I have been thinking a fair bit recently about what success in Education looks like. The annual season of prize givings and prize lists, external exams and last minute assessments is in full swing. Marks must be entered, checked, entered again in case they are needed to derived grades. Students are tired and ratty and over it. Teachers (speaking for at least myself) are exhausted and over it. And in prepping to write this post, I went back over several previous posts I have written that all say the same thing – why am I doing this??? (NCEA as drafting gates, How can I use NCEA better?, I was wrong (it does happen!!), The SNA apocalypse, Recording learning – how do I get this right?. We have had a ‘module’ system for yr 10 this year (except the old chestnuts of Maths and English who stayed in full year streamed classes….) and the process for prize giving has caused huge discussions and upset. I said prize givings were passed their use by date. Well, how would you change them? I was asked. So I said
Why do we need to have a prize giving? I mean, it is still going to be the same 15-20 kids as it is every year? Why don’t we just can it?
Well, this was the wrong thing to say. That is too radical was a kinder phrase used.

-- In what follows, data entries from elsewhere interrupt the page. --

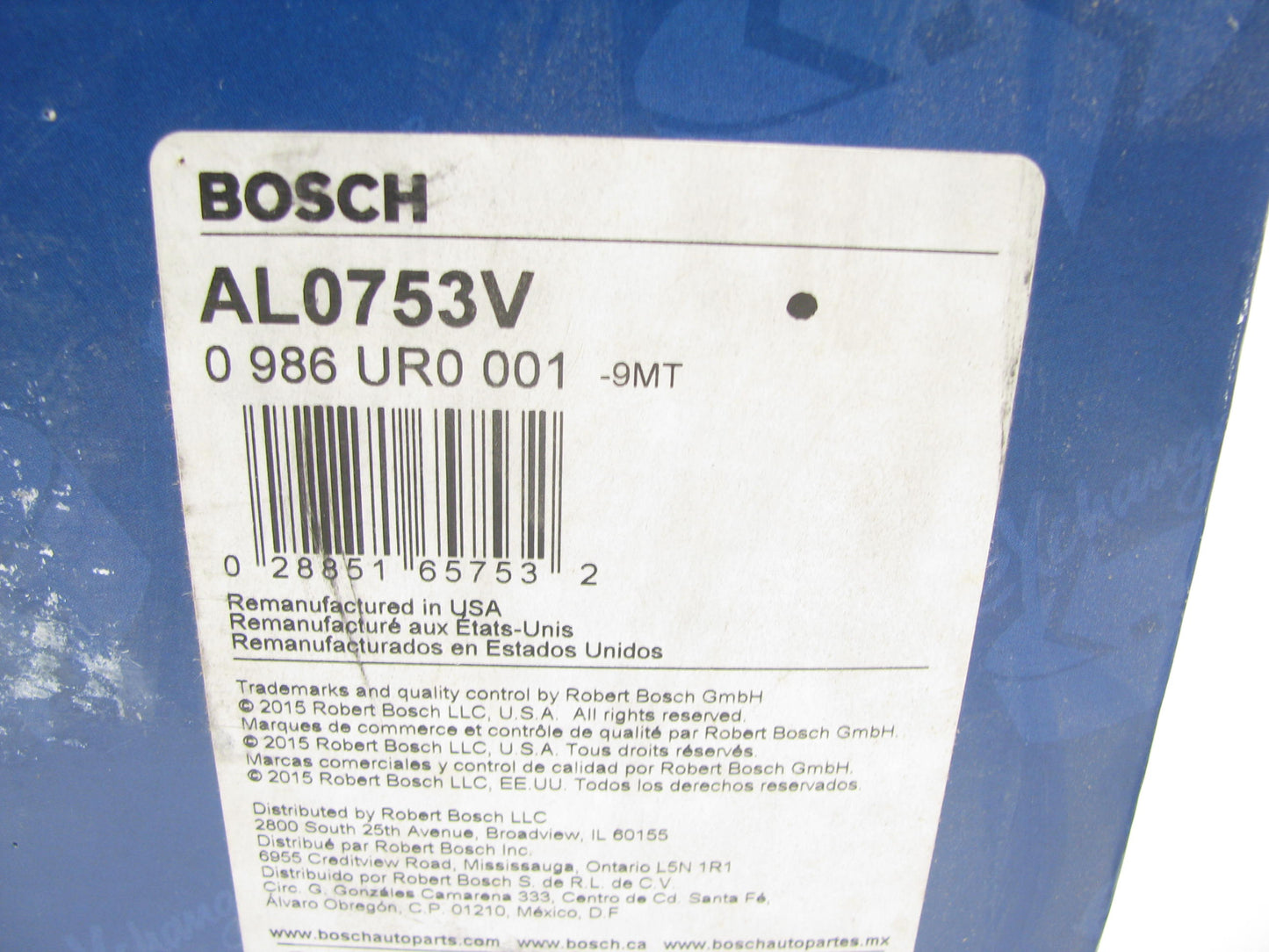 REMAN. Bosch AL0753V 80 Amp Alternator - 1998-2003 Volvo C70, 1998-99 Volvo V70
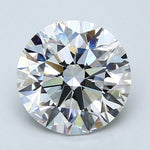 2.5 Carat Round - Natural Diamond - E - VVS2 - 2.51 - EX - EX - EX - Diamonds By Rothschild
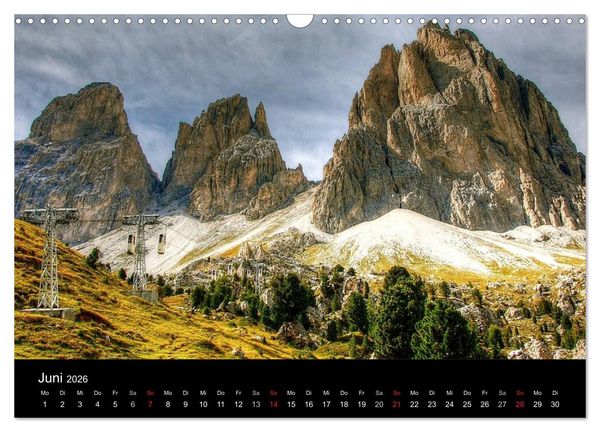 Produktbild: dolomiten (Wandkalender 2026 DIN A3 quer), CALVENDO Monatskalender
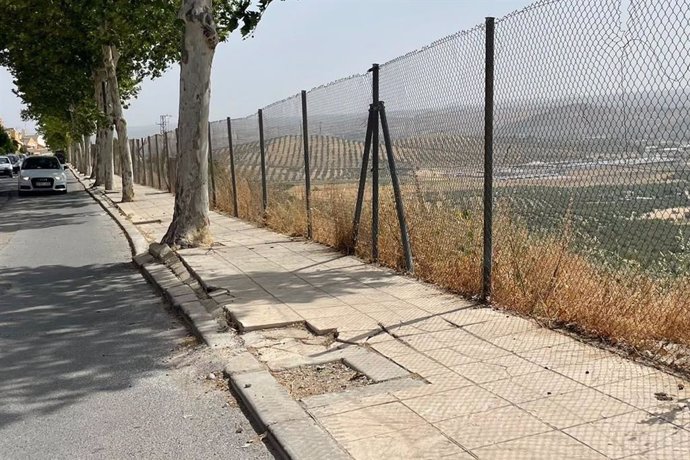 Zona por la que transcurrirá la vía peatonal y ciclista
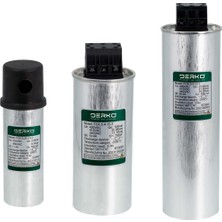 Derko 30KVAR 440V Silindir Tüp Kondansatör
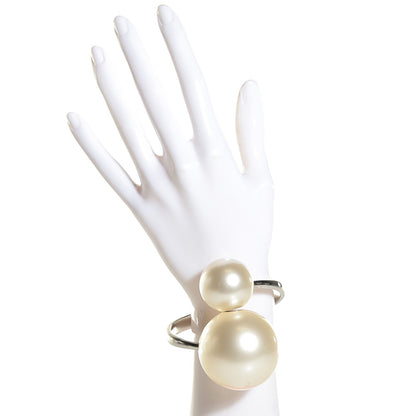 Chanel Double Pearl Cuff Silver 2 of 5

I get that excellence should be celebrated, but I certainly don’t think a prize giving is a way to do it. A formal, stiff presentation were the anthems and a hymn or a Christmas Carol are droned out. The somewhat token feeling Kapa Haka performance, along with a musical interlude to mix up the sports prizes. And then our best and brightest look embarrassed as they line up for a certificate, while yours truly martials them into lines with necklaces hidden and rings off and buttons buttoned.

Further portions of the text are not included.